**** INFORMATION PROVIDED
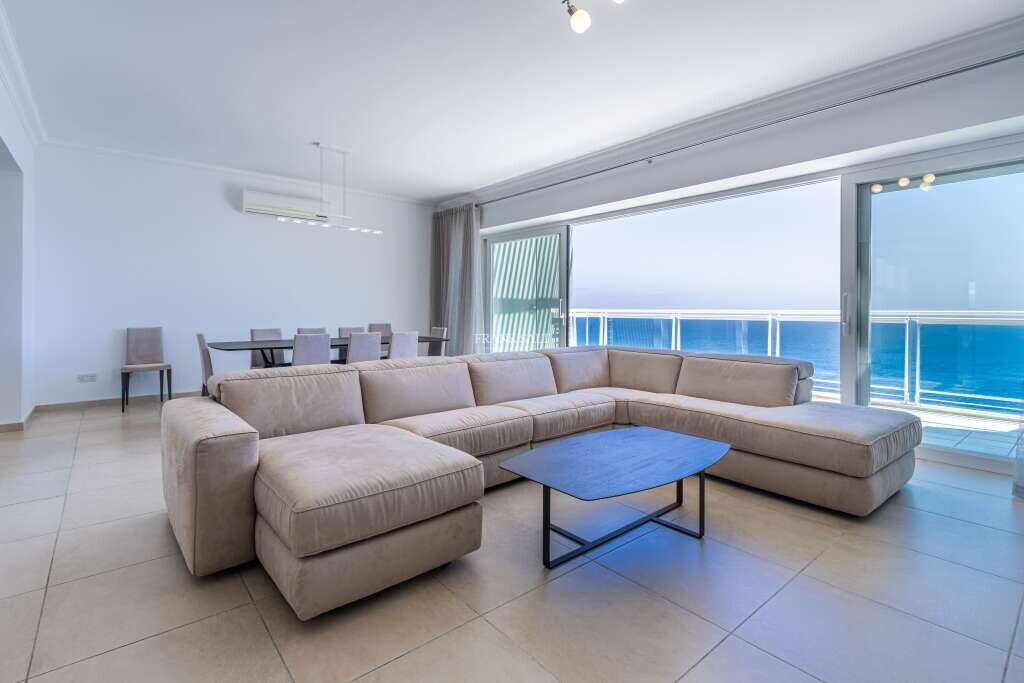 Ático de 3 dormitorios en Sliema, Malta No. 1420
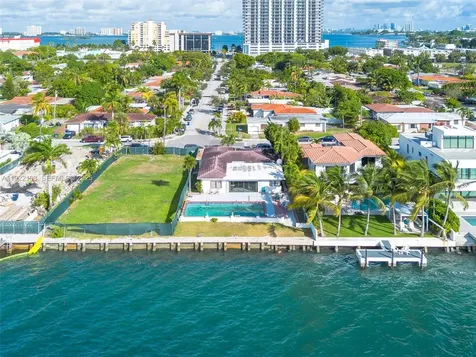 1680 S Treasure Drive North Bay Village FL 33141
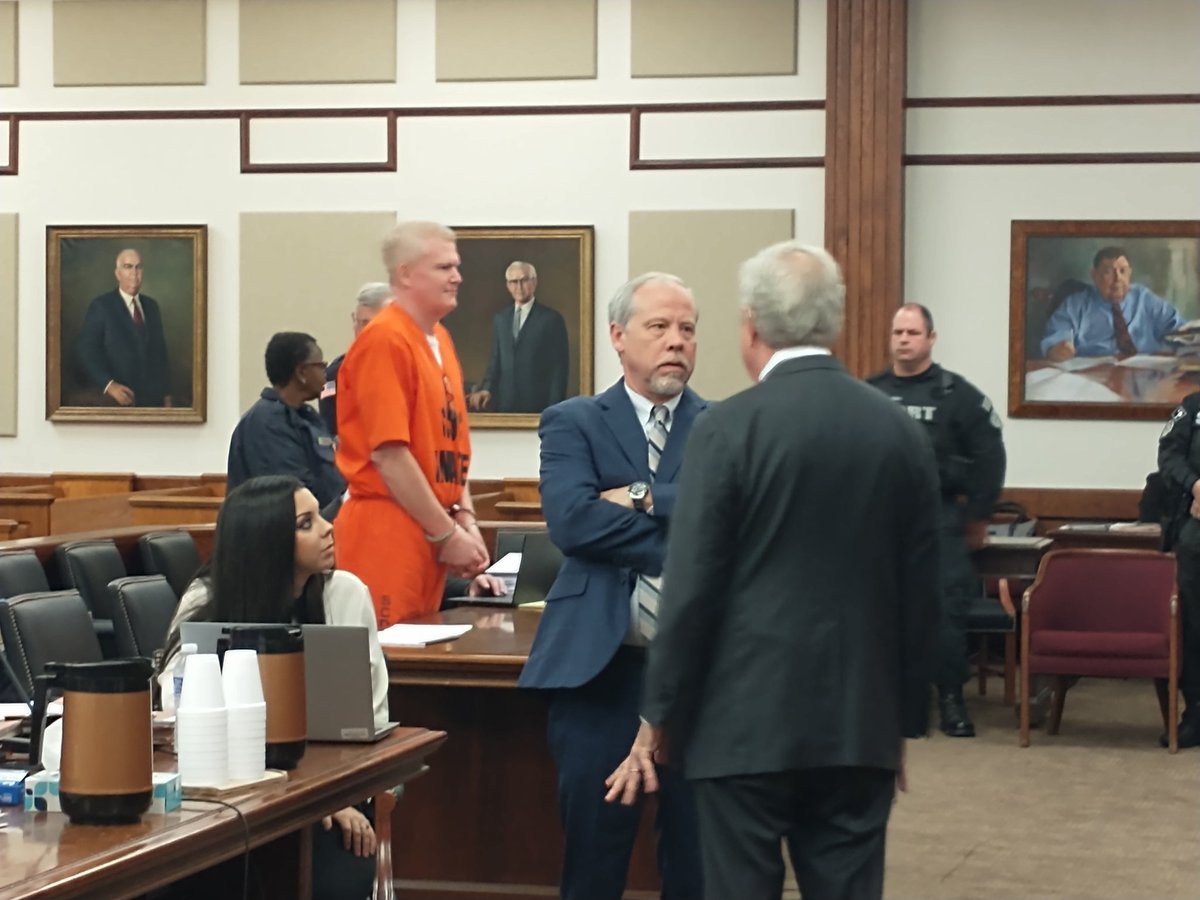 mmdewittjr's tweet photo. Alex Murdaugh is wearing white New Balance sneakers with his orange SCDC jumpsuit. He appears to be smirking or sneering at Creighton Waters from time to time. https://t.co/0kbGyArYGQ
********
== WHAT IS BEING ASKED ==
A verbatim transcription of the listing is expected, with no pictures included.

== WRITTEN SOLUTION ==
 Ático de 3 dormitorios en Sliema, Malta No. 1420
 1680 S Treasure Drive North Bay Village FL 33141
 mmdewittjr's tweet photo. Alex Murdaugh is wearing white New Balance sneakers with his orange SCDC jumpsuit. He appears to be smirking or sneering at Creighton Waters from time to time. https://t.co/0kbGyArYGQ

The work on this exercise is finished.